What I was trying to say is that a Projector setup is not really the best way to go with a multi-purpose room. A big screen and projector really need a setup as an H/T to take advantage of their best qualities. If you are doing a room that is going to be used mostly as an H/T and then used for other activities, you can set it up with seating for good viewing, with a projector and still use it for other purposes. If you are only going to occasionally use the room as an H/T then just go with a Big screen LED set. I showed pics of my H/T to show you what I mean when I say single use room. My H/T is just for viewing and listening to music. We don't really use it for anything else. I always wanted a true Home Theater, in previous houses I always had to settle for multi-purpose rooms. When I built this house, my retirement home, I built my dream H/T and I have thoroughly enjoyed it for the last 12 years.


----------



## SPS-1 (Oct 21, 2008)

Projection TVs will work out well if the room is somewhat darkened. If you like to darken the room, make the popcorn and watch a movie, great. Myself, I like it nice and bright in my rooms, so a projection system is not for me.


----------



## Dave Sal (Dec 20, 2012)

I bought a 720p LCD Panasonic front projector back around 2003 for around $1500. I set it up in my family room with a 96" diagonal DIY screen. I already had a pretty nice sound system consisting of a pair of Definitive Technology BP2002 powered towers, a CLR2002 center channel, a PF15TL powered subwoofer and a pair of BP2X surrounds, all controlled by a Denon receiver. The sound is fantastic, and at the time the projected image was amazing. It still looks good to this day but since 1080p is now common, there is a need to upgrade the projector soon. My set up is modest but it does the trick in a multi-use room. I'll probably try to have a dedicated home theater room in my next house. There is nothing quite like a huge hi-def image and crystal clear surround sound to get the audience involved in a movie. By the way, what looks like a pedestal under the screen is actually the base of a 36" Sony Wega analog TV, which was directly behind the screen, and has since been donated to the Salvation Army.


----------



## fixrite (Mar 1, 2009)

Just an added note. If you are wiring this all up you might want to consider the ability to use the internet on your Big screen tv (not the projector). I have remodelled my kitchen and remove the useless cabinet above the fridge and installed a 36" wide flatscreen. I am an avid apple user and have installed the apple tv box there as well. My wife loves it as she can bring up a recipe onto the screen and have it there as she cooks. We also use it as a monitor for our security system and front gate door bell ( we have a pool so we have to gate the entry off, local codes). Just some food for thought. Have a great day

cheers


----------



## gec5741 (Apr 23, 2013)

Yep I plan to run network all over my basement. I've run network lines to all rooms in my house already. I am a huge netowrking guy. My big thing is the ability to stream all my media through out my house. I have a TV and network running into my utility room in my basement. Here is a picture of my work in progress network/tv setup. I havn't patched all my network lines down yet because I am planning to get a new 48 port patch panel. The PC that the laptop is sititng on actually controlls my upstairs living room 55 inch LED media over hdmi over ethernet. The laptop you see in this photo is my soon to be touch screen digital jukebox for the basement. So needless to say my projector and or TV's will all be networked :thumbup:


----------



## AllanJ (Nov 24, 2007)

Not too long ago, the biggest picture you could get with a direct view TV was about 50 inches. Anything bigger and you had to get a projector with separate screen, and then you had to darken the room making other activities in the room at the same time impossible.

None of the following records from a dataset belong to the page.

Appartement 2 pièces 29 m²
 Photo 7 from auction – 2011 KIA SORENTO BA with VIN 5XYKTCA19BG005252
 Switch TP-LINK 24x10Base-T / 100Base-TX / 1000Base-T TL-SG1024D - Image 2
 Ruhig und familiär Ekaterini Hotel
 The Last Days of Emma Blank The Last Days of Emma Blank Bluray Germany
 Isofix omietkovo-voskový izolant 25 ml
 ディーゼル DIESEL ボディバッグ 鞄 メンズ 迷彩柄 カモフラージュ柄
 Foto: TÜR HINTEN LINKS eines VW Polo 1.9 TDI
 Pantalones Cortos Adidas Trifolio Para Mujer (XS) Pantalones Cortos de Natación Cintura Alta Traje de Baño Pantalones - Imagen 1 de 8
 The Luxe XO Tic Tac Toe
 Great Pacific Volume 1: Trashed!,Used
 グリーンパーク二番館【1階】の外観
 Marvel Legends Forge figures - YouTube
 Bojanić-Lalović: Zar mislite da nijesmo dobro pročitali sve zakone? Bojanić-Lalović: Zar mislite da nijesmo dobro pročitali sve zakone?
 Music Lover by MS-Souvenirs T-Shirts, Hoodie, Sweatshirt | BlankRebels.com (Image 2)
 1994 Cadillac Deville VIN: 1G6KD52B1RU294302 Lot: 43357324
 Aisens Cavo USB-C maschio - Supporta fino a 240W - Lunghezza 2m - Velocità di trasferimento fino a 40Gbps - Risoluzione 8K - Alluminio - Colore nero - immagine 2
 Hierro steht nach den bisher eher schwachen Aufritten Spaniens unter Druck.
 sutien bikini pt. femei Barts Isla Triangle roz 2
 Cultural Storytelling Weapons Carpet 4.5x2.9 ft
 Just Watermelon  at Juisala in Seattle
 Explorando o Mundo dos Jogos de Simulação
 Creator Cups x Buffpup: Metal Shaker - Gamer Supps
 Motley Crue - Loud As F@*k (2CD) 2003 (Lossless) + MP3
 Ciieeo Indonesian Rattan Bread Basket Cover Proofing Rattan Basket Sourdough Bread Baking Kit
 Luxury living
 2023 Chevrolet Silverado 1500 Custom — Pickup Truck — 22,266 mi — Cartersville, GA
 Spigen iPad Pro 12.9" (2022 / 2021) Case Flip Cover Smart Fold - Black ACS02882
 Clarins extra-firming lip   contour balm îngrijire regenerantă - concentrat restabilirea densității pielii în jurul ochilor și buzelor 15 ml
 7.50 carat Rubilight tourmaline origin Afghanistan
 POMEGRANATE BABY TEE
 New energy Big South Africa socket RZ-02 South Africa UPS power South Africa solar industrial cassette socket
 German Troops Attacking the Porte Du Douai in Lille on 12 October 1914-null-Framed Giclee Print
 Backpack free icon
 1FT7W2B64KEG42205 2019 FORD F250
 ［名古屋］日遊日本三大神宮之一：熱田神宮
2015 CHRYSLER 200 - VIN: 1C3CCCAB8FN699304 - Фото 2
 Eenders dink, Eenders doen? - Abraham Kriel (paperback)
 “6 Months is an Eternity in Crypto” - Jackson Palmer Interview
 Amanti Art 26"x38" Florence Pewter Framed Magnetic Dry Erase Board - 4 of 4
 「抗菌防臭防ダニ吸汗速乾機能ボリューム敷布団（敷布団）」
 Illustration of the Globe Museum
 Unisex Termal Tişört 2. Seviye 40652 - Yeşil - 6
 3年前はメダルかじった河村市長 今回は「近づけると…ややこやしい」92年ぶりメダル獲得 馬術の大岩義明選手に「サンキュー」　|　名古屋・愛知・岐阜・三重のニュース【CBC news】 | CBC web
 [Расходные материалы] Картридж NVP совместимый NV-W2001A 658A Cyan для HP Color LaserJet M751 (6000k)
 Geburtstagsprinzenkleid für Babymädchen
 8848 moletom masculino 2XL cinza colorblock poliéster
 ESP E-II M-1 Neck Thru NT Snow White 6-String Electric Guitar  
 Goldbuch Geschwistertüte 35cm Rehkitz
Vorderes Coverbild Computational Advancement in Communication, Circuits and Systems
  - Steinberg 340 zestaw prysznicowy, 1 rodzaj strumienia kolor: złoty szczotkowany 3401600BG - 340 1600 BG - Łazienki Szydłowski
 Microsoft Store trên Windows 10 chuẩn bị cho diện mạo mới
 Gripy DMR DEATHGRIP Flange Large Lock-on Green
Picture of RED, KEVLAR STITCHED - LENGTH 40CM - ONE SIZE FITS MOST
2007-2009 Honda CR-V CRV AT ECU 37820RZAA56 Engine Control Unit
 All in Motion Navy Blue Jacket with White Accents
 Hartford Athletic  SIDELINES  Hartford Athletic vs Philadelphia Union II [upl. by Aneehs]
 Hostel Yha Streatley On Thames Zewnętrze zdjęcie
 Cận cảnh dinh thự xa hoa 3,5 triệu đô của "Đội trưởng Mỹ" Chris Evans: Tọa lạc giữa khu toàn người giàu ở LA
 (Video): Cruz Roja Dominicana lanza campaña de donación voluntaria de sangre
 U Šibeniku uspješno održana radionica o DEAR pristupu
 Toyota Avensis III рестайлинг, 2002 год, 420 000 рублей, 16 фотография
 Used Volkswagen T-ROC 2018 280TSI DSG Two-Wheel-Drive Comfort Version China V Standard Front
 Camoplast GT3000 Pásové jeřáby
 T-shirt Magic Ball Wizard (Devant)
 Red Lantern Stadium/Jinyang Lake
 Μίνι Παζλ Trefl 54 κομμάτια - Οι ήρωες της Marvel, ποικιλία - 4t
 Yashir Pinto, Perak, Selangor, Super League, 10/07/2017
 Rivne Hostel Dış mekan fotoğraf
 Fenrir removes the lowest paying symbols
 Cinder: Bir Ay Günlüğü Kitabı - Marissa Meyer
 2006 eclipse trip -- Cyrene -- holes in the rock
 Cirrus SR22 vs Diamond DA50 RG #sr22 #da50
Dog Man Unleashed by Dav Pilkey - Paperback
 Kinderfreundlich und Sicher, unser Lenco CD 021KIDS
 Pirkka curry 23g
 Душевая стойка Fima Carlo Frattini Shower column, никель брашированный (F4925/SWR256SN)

Now you can get direct view TVs around 80 inches so more folks won't need to get projectors and outfit the room for them.

You can become equally immersed in the movie with a smaller screen just by sitting closer. Really large screens are needed only if lots of people will be watching at the same time.

If you have furred down the ceiling and think you have to hang the projector quite low, in some situations you might be able to mount the screen a little lower and then hang the projector a little higher. Take a string and fasten it to the screen side wall where the top of the screen would be. Stretch the string out to where you might hang the projector. So long as the string is straight (not quite touching the ceiling at any point) the projector can be mounted at the end of the string and still fill the screen. Although the projector should be centered (left to right wise) in front of the screen, most projectors allow a small off center displacement.


----------



## Chokingdogs (Oct 27, 2012)

This may have been said already, but if it hasn't.....

One thing to consider, if going largest direct view TV possible, is basement access. If you have a daylight/English basement, then it's a non-issue. If you only have an areaway, or worse, no external basement access, you might be limited in how big a TV will fit depending on ceiling height and layout.

My old house didn't have external basement access, and the interior stairs/entry into the basement required a 180* turn at the bottom of the steps. I bought a 62" Mitsu rear projector, and the only way it could get finagled down there was by removing the handrail like below. If that wasn't removable, or the wall extended all the way down, I don't think it would have physically fit.....


----------



## AllanJ (Nov 24, 2007)

You can make a cardboard box mockup that is the size and shape of the TV you are thinking of buying. You can then test fit it down the stairs. Then you can put it on or against the wall for a few days to visualize if it is really the size you want.


----------



## gec5741 (Apr 23, 2013)

Yea I was planning on doing some blue painters tape to get the visiual of the size on the wall but if I can find a peice of cardboard big enough it would be a good idea to test getting it down in my basement. I have a funny right angle turn at the top of the stairs but I can come at an angel and go pretty straight. As long as the tv is pretty thin wich they are these days.


----------



## Jason66 (Jul 31, 2013)

Well I think TV is a good option because today's the new TV have many other feature, yeah I m talking about smart TV. you can say they are also a half computer in them and better picture quality then projector.


----------